Record excerpts
══════════

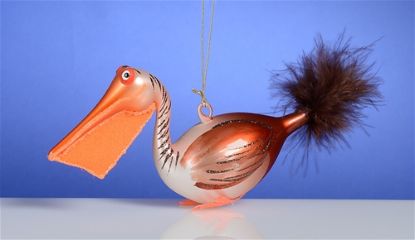 Picture of De Carlini Pelican Christmas Ornament 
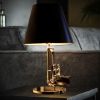 Golden Gun Lamp Replica - Beretta Tafellamp - 43 x 24 x 43 cm - Goud - Pistoollamp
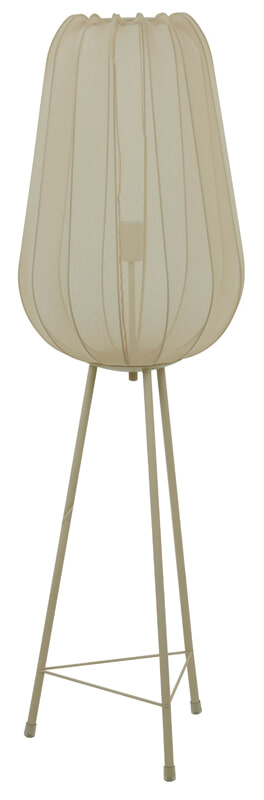 Light & Living Vloerlamp 'Plumeria' 132cm, kleur Zand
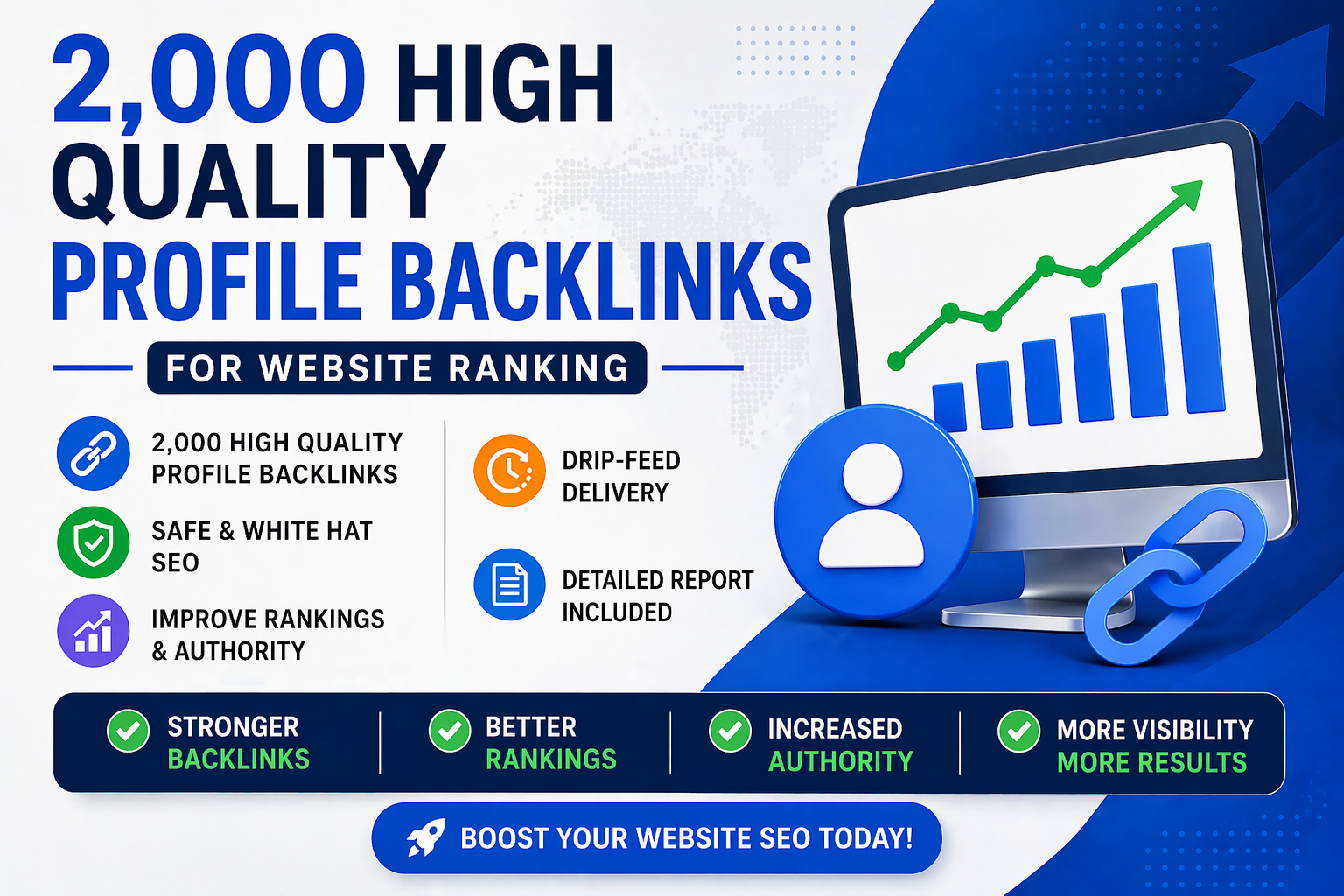 I I will Create 2,000 High Quality Profile Backlinks for Website Ranking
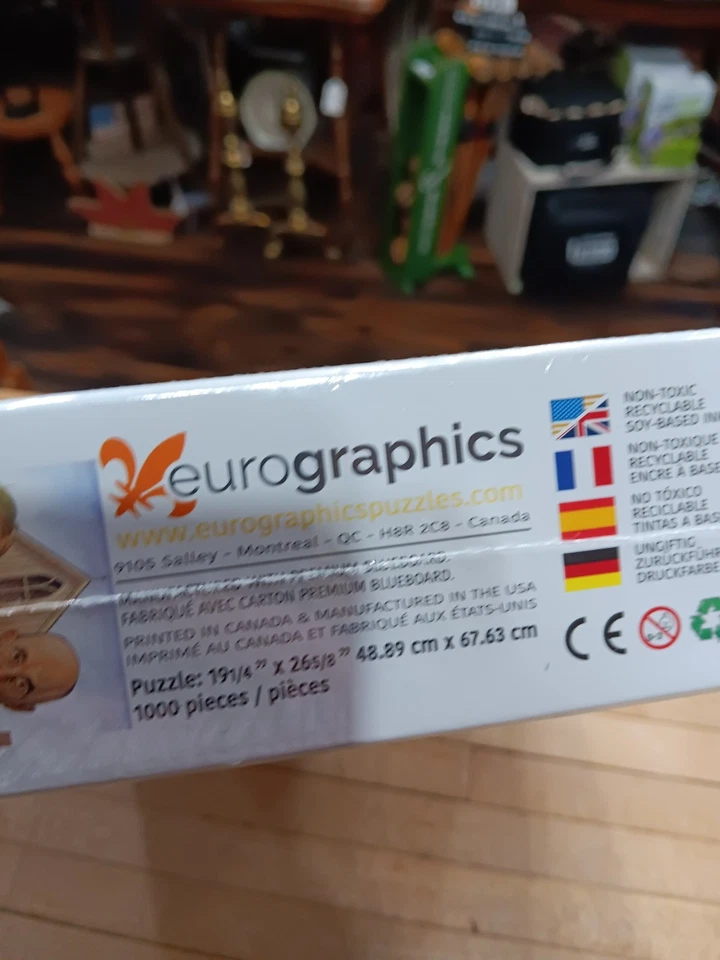 American Gothic Puzzle 1000 Piece Grant Wood Fine Art Jigsaw - Image 2 of 3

══════════

Verbatim copy without images: write the records above out in full.

 Picture of De Carlini Pelican Christmas Ornament 
 Golden Gun Lamp Replica - Beretta Tafellamp - 43 x 24 x 43 cm - Goud - Pistoollamp
 Light & Living Vloerlamp 'Plumeria' 132cm, kleur Zand
 I I will Create 2,000 High Quality Profile Backlinks for Website Ranking
 American Gothic Puzzle 1000 Piece Grant Wood Fine Art Jigsaw - Image 2 of 3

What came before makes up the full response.